Of course the West has a history of strategic sympathy for the 'Islamic republics' on the old Soviet Union's southern frontier, having supported separatist movements and 'governments-in-exile' - a policy that led to Western sponsorship of the Afghan Mujahideen and volunteer Arab militias in Bosnia. Focussing on the Russian Federation's treatment of Chechnya as if it were the explanation for the atrocity confuses the issue. In fact it is the splits in the Chechen separatists, and the Federation's relative success in consolidating links with moderate leaders there that has driven the fringe into more extreme acts. Isolation, not popular support, explains the militants' anger. A popular campaign would have felt more constrained from attacking schoolchildren - unlike media commentators in the West.
END OF EMPIRE?
On Spiked this week, James Heartfield argues that the Marxist theory of imperialism has little to tell us about the drive towards war at the beginning of the twenty-first century. Taking issue with the theses put forward by radicals like David Harvey, Robert Brenner and Ellen Meiksins Wood, Heartfield says that you cannot explain today's military conflicts as a struggle for resources, nor as a result of the 'overaccumulation of Capital'. http://www.spiked-online.com/Articles/0000000CA6BA.htm
CHOKING ON ENVIRONMENTALISM
The British city which suffers from some of the worst air-quality in its centre is the one with more Green councillors than any other and among the most aggressive anti-car policies. According to the Calor Gas Report the air in Oxford city centre contains substantially higher levels of nitrogen oxides than any other. These chemicals are implicated in respiratory disorders.

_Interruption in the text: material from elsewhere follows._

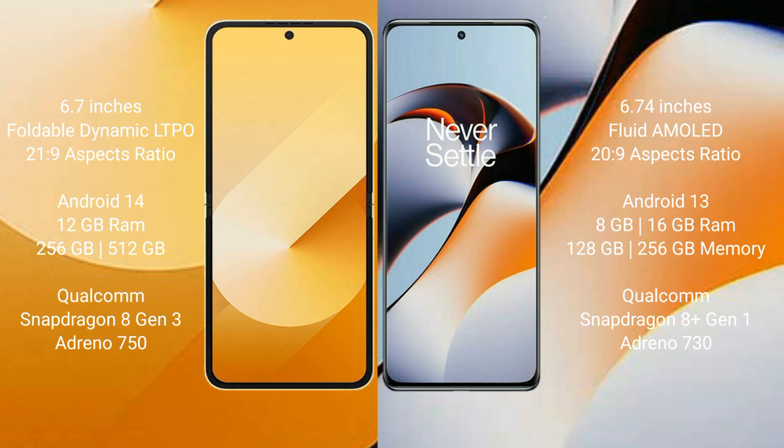Samsung Galaxy Z Flip 6 runs on Android 14. OnePlus 11R runs on Android 13. Samsung Galaxy Z Flip 6 comes with 12GB RAM and 256GB or 512GB internal storage.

Oxford city centre is largely car-free with few roads which allow private cars, and parking tightly restricted. Instead car drivers can use the park and ride service which operates from car parks ringing the outer edge of the city. One result is that the city centre is packed with buses. Perhaps, as they cycle round the city centre, the Green voters of north Oxford are reassured to see the Cowley masses and the commuters corralled onto buses rather than lording it over them on four wheels. But it may not be good for their health.
OVALTEENIES
Released by Rough Trade, the album The Libertines has been trailed by wide media coverage of lead Pete Doherty's court appearances, drug addiction and on-off friendship with his other creative half Carl Barat. In song as in life, the Doherty and Barat display their love-hate friendship. The album has a good line in schoolboy cynicism and rough and ready tunes - but descends into mawkishness. The chorus 'I know longer hear the music' sounds all too like Ralph McTell's Streets of London. The long shadow of Morrissey still looms over pop music in Britain, which seems unable to get over its wistful meditation on Englishness.